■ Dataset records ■
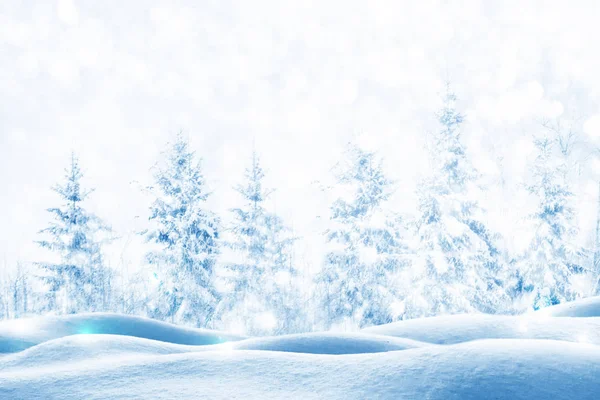 Blur Frozen Winter Forest Snow Covered Trees — Stock Photo, Image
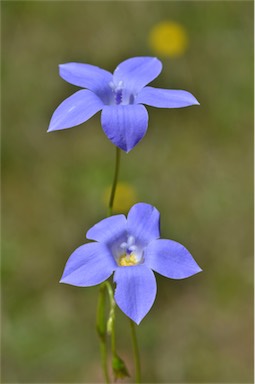 APII jpeg image of Wahlenbergia stricta subsp. stricta  © contact APII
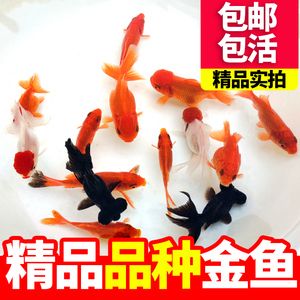 三百元以下金龍魚苗，三百元以下的金龍魚苗價格波動，金龍魚苗健康檢查方法 龍魚百科 第1張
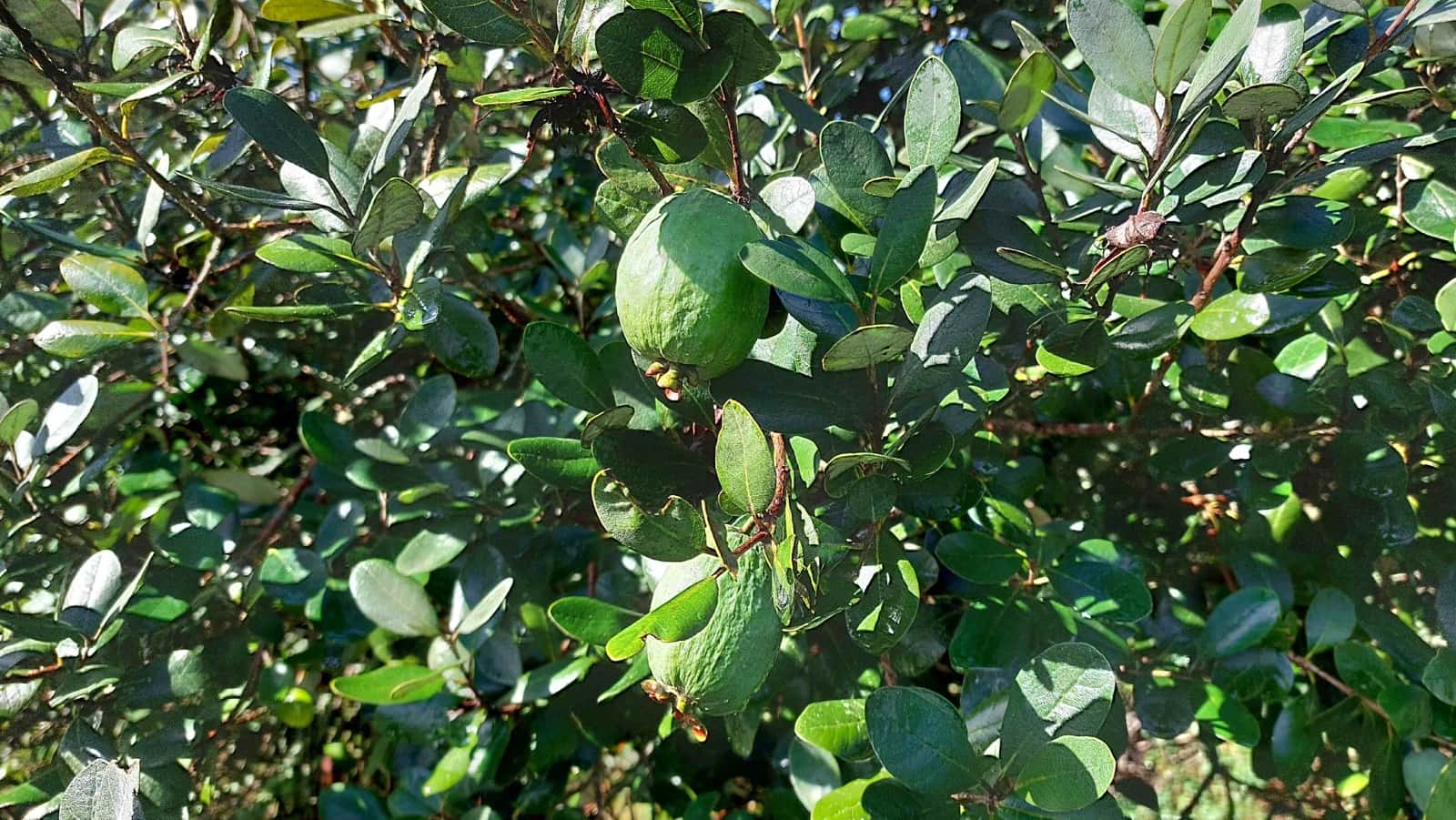 6 soveværelse Finca/Landehus til salg i Irixoa med garage - € 299.900 (Ref: 8986376)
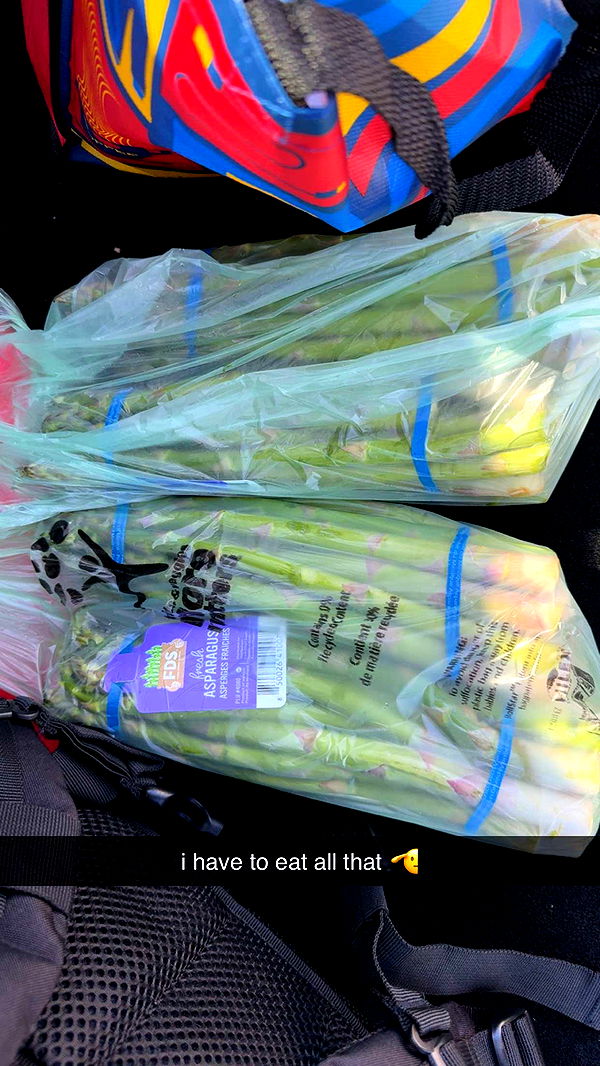 meelahrobbins image ~ Altpins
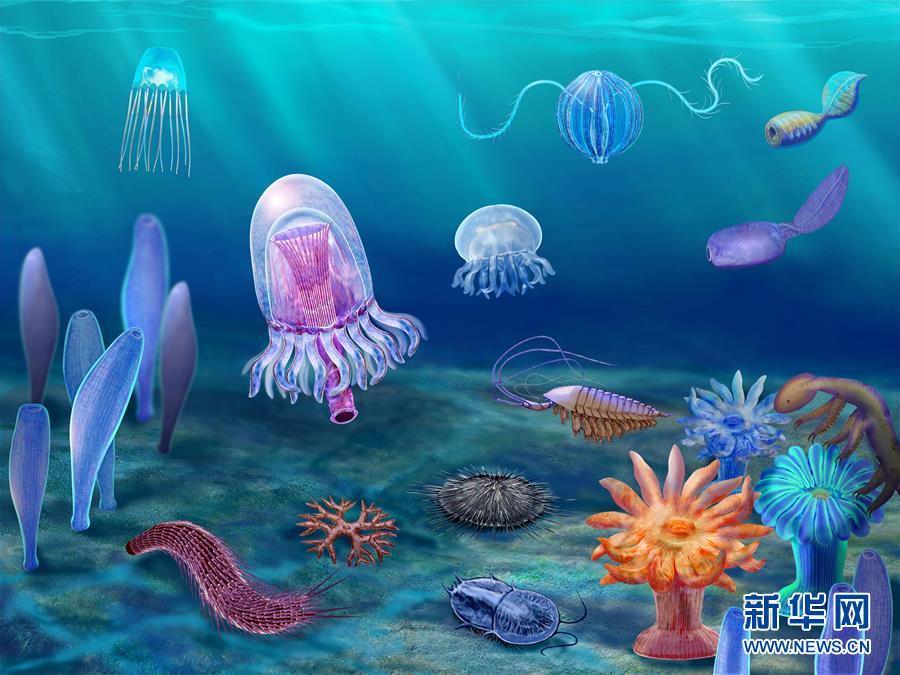 (新華全媒頭條·圖文互動(dòng))(15)探尋5億年前“生命大爆炸”之奧秘——中國(guó)科學(xué)家發(fā)現(xiàn)寒武紀(jì)“化石寶庫(kù)”清江生物群紀(jì)實(shí)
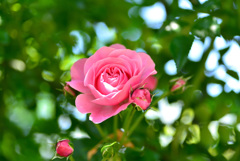 二宮家バラ園にて１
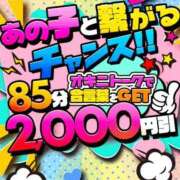 ヒメ日記 2026/09/30 13:51 投稿 一色 BBW西船橋店
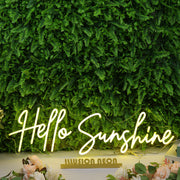 Hello Sunshine Yellow Custom Neon Sign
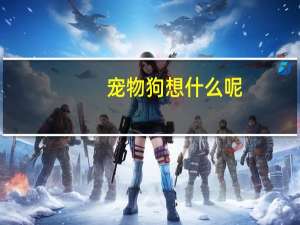 宠物狗想什么呢
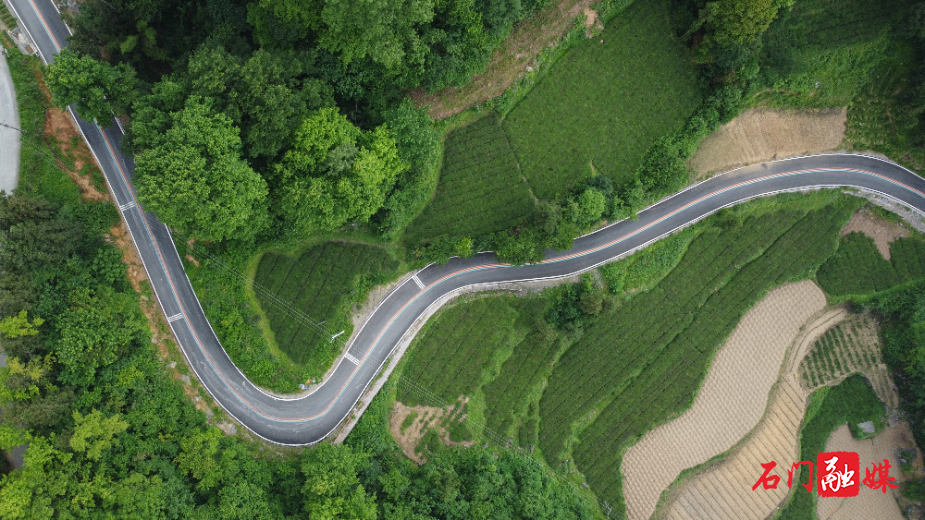 微信图片_20260123154737_42_95.jpg 微信图片_20260123154737_42_95.jpg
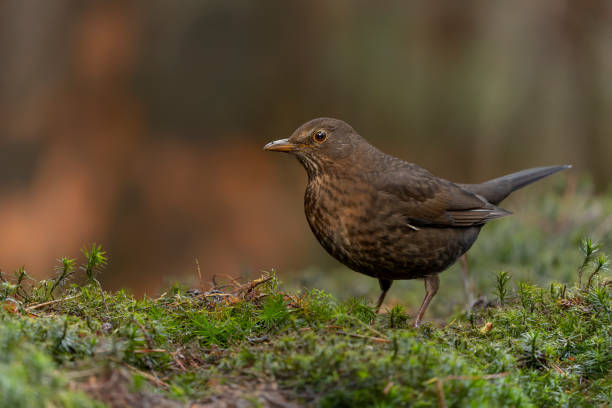 istock Female Blackbird (Turdus merula)in an forest 1372485884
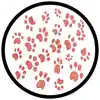 PAWSA - The Groovy Cat (Extended Mix)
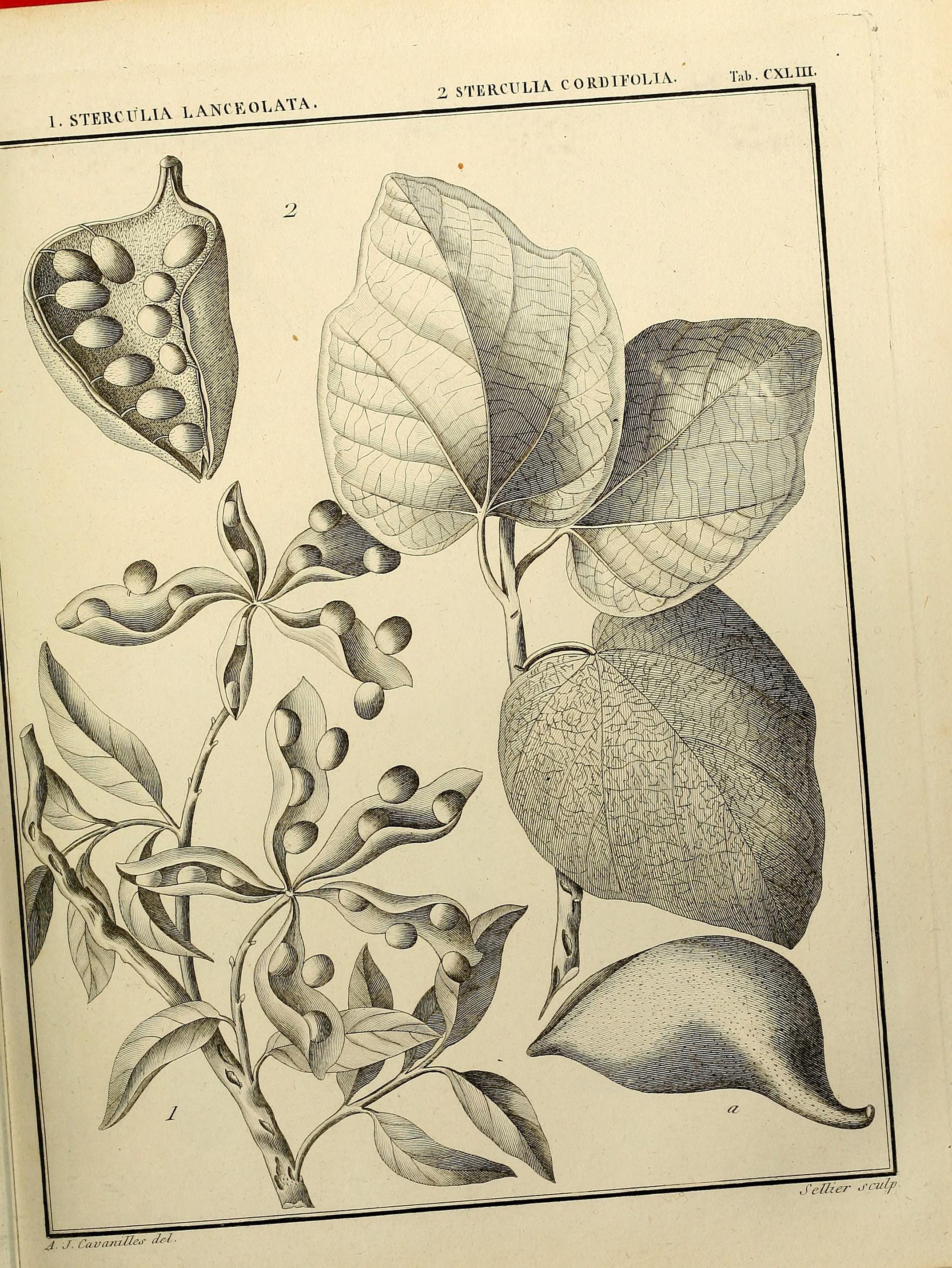 no full size  illustration available (3a)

■ Work instructions ■
Starting from the line containing "Hello Sunshine Yellow Custom Neon Sign", repeat each line exactly through the end of the entries, including the last, while leaving pictures out.

■ Expected answer ■
 Hello Sunshine Yellow Custom Neon Sign
 宠物狗想什么呢
 微信图片_20260123154737_42_95.jpg 微信图片_20260123154737_42_95.jpg
 istock Female Blackbird (Turdus merula)in an forest 1372485884
 PAWSA - The Groovy Cat (Extended Mix)
 no full size  illustration available (3a)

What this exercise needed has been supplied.